(Saved data entries)
════════════════
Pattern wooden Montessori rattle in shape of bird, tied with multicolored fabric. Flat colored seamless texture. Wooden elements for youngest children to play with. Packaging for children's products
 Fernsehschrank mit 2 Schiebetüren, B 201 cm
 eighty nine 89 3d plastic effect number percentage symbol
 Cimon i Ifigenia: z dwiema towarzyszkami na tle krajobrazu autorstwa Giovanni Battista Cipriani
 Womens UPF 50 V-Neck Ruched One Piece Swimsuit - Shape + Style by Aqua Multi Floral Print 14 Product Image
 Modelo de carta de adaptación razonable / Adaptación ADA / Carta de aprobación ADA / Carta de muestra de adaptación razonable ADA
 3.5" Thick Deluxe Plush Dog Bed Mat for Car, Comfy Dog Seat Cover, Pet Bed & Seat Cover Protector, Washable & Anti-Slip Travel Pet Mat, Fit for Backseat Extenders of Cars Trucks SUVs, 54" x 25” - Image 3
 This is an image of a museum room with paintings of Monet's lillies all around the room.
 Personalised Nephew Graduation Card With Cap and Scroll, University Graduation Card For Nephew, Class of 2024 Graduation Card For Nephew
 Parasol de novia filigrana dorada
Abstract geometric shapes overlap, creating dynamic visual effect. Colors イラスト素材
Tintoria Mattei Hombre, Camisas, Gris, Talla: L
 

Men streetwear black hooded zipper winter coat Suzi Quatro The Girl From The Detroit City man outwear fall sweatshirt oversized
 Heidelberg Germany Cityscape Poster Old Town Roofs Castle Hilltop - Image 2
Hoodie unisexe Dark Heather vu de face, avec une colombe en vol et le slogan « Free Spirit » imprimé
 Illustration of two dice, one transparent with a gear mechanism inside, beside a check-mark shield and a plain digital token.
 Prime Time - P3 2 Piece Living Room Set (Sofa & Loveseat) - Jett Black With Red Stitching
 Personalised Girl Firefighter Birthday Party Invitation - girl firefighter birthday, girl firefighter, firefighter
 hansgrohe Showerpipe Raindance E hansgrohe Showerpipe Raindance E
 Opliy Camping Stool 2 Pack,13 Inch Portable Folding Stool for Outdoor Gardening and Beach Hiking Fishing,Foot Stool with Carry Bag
════════════════
### WORK REQUEST
Show a copy of each line from the records above in which the string "Piece" occurs.

### ANSWER SECTION
 Womens UPF 50 V-Neck Ruched One Piece Swimsuit - Shape + Style by Aqua Multi Floral Print 14 Product Image
 Prime Time - P3 2 Piece Living Room Set (Sofa & Loveseat) - Jett Black With Red Stitching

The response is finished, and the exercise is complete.